• **Your objective**
Without copying any picture, transcribe exactly the lines of the data below from the one containing "Vintage polka dot" through the one containing "Tarjeta Publicitaria moda".

--- Data ---

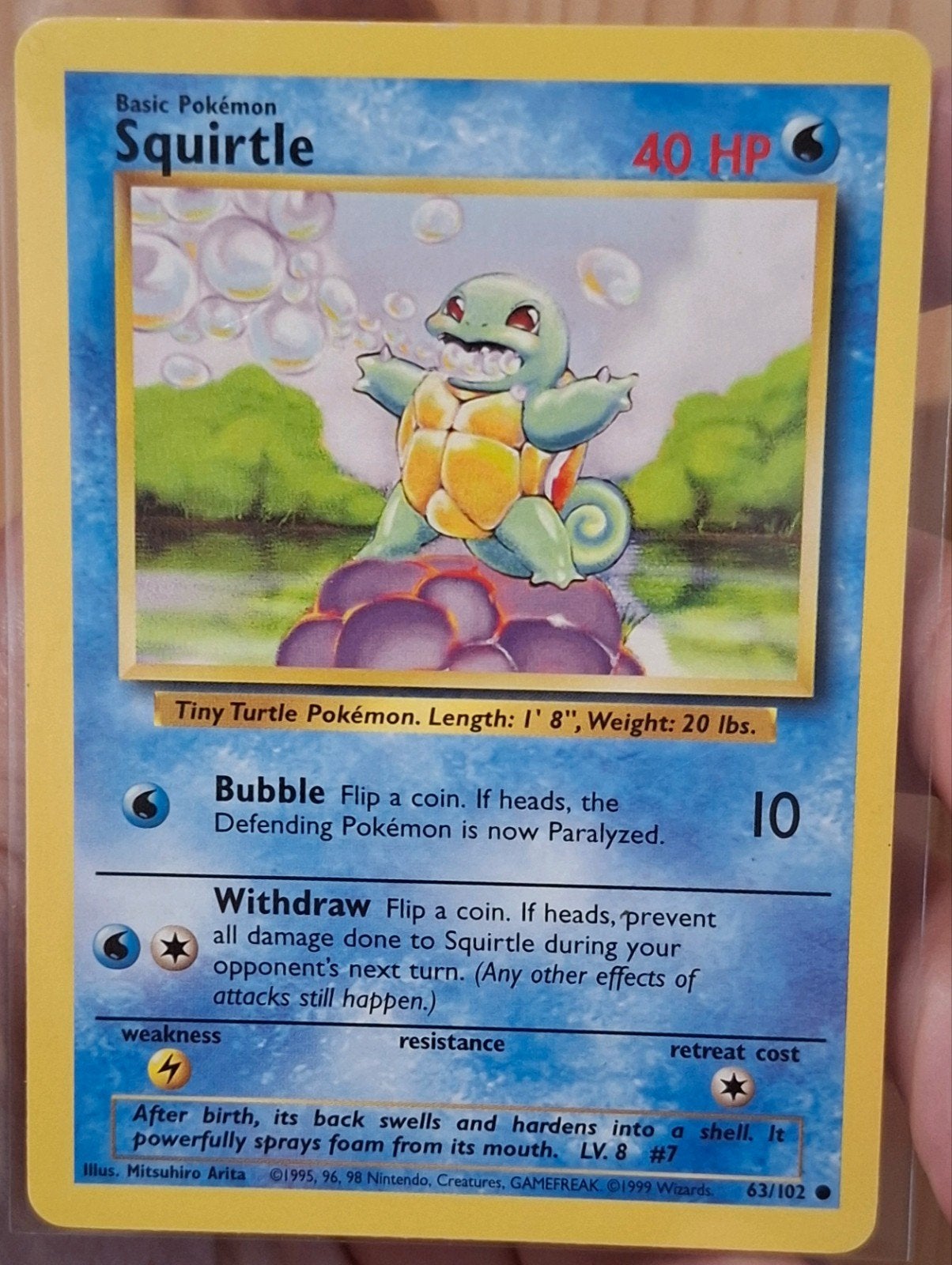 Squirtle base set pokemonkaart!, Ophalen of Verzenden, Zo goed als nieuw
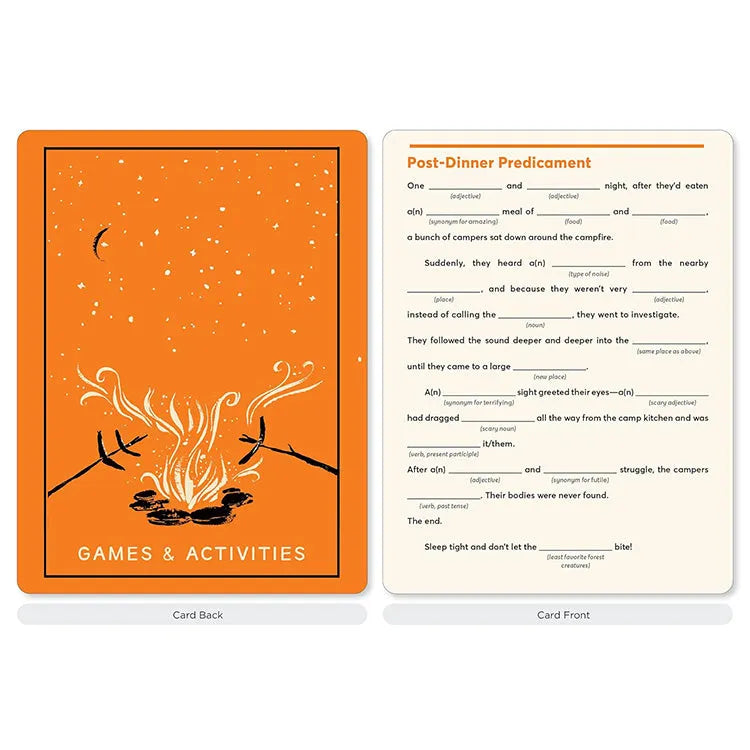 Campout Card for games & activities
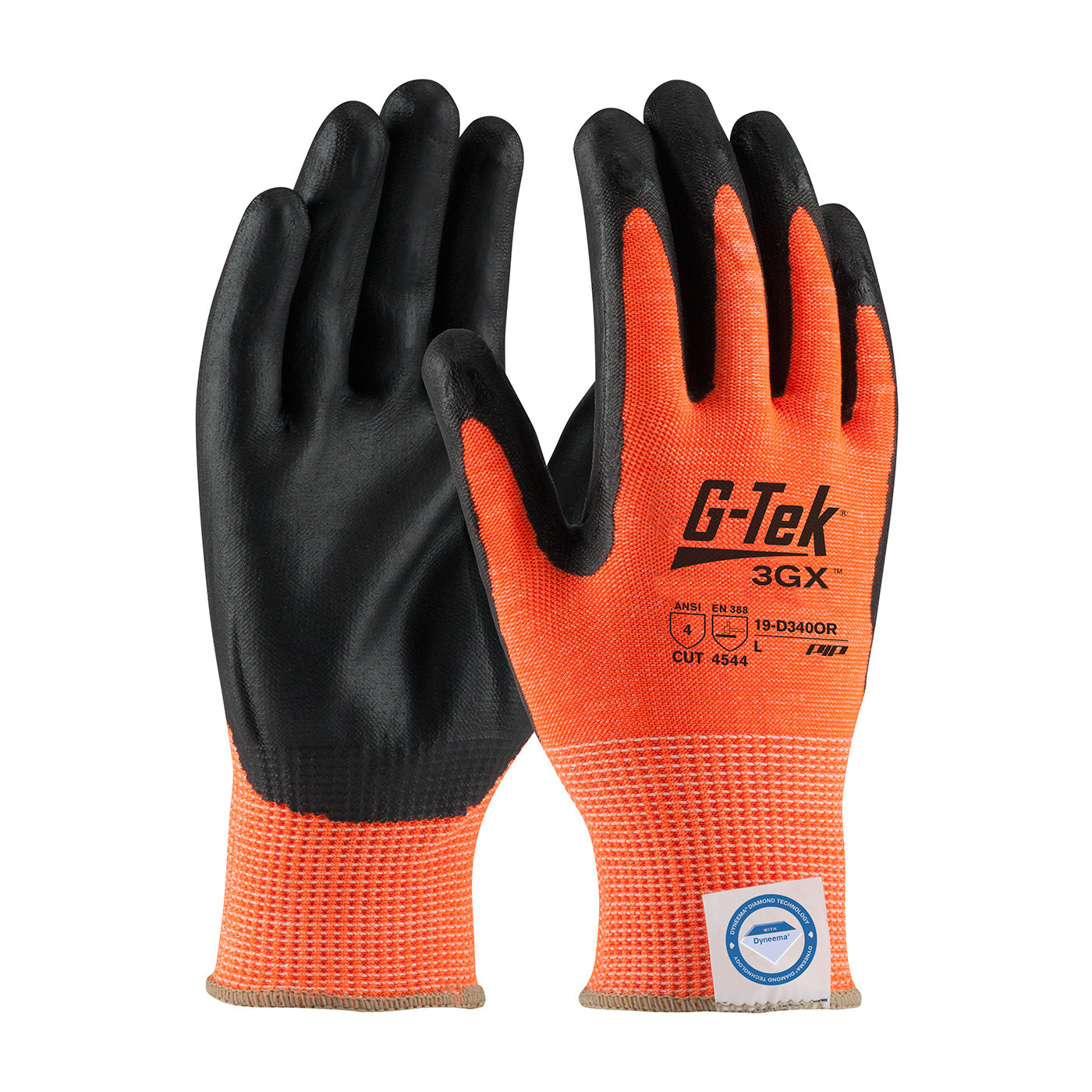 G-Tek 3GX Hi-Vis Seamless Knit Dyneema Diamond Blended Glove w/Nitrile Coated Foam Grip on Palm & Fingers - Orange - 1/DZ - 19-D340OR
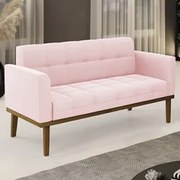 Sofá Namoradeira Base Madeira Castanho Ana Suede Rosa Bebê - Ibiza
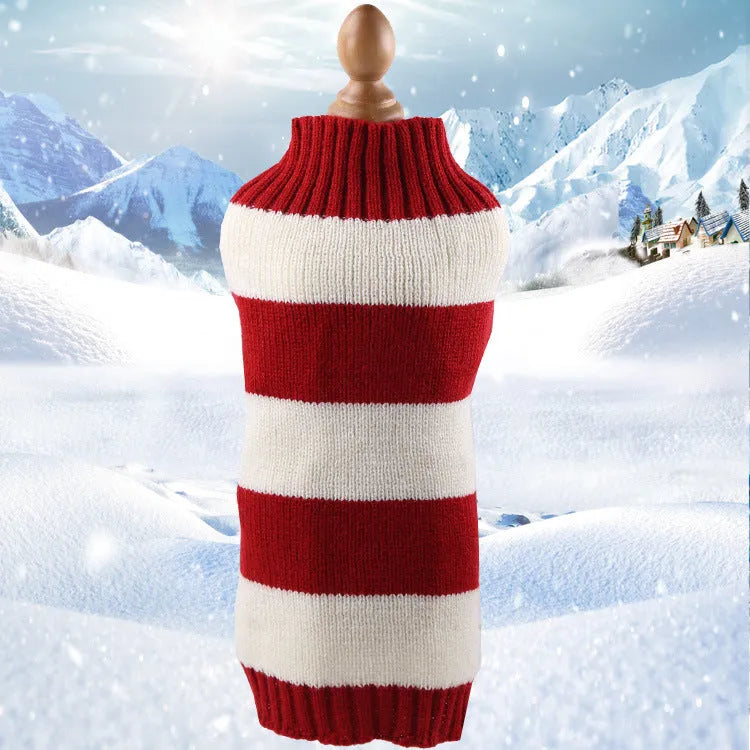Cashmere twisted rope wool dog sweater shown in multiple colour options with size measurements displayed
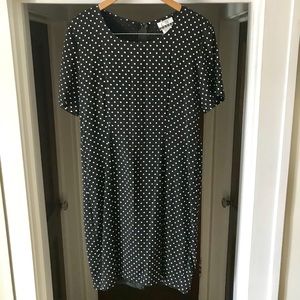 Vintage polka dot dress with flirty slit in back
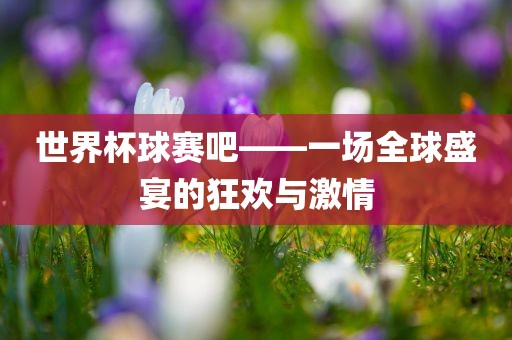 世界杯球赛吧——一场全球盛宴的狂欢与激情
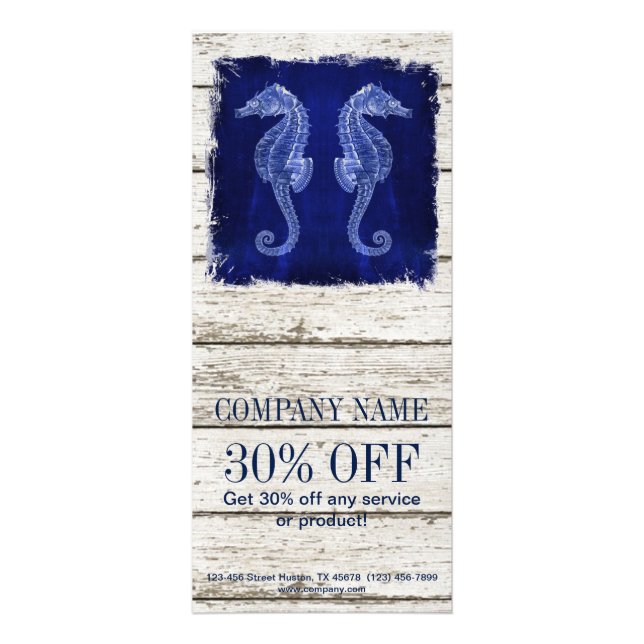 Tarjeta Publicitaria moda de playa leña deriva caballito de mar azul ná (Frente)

---
--- Data ---

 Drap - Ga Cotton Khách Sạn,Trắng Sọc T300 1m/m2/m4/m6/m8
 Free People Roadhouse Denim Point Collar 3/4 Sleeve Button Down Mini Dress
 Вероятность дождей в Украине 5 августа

---
--- Data ---

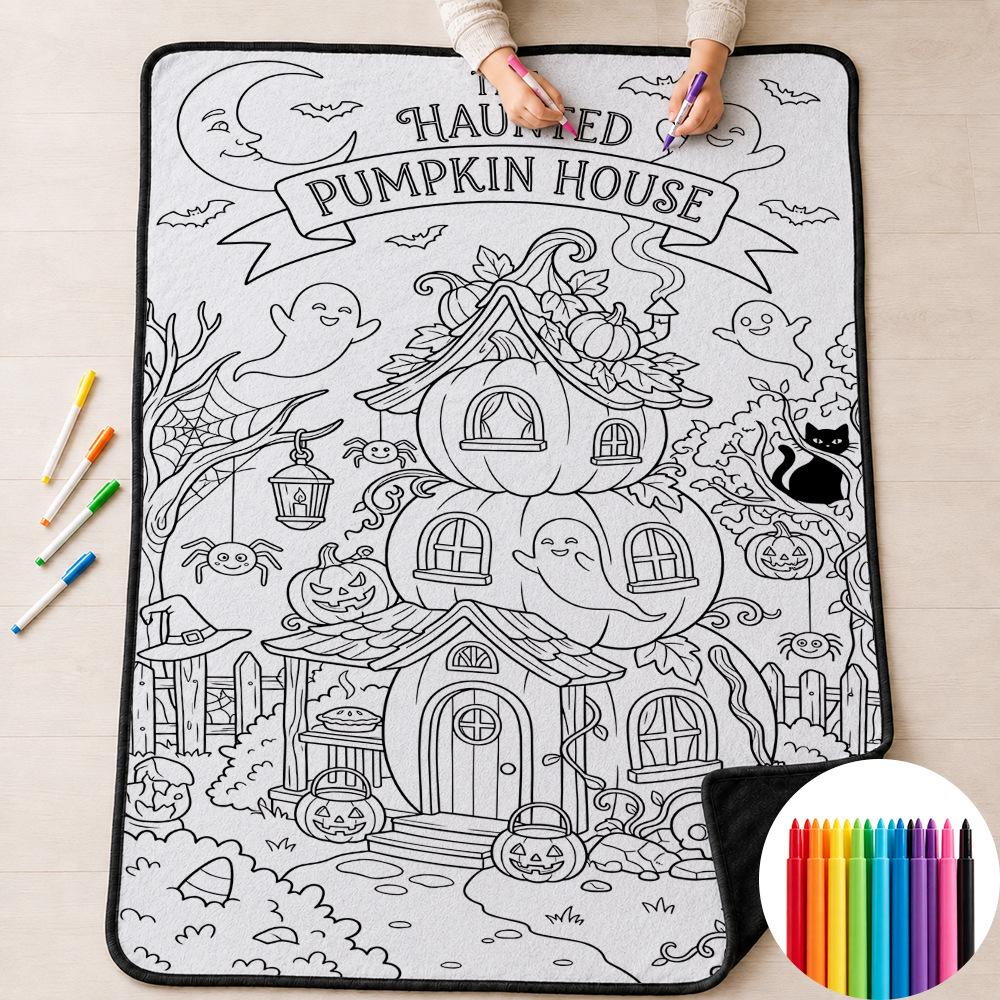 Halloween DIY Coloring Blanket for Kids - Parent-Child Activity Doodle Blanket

---

• **Result**
 Vintage polka dot dress with flirty slit in back
 世界杯球赛吧——一场全球盛宴的狂欢与激情
 Tarjeta Publicitaria moda de playa leña deriva caballito de mar azul ná (Frente)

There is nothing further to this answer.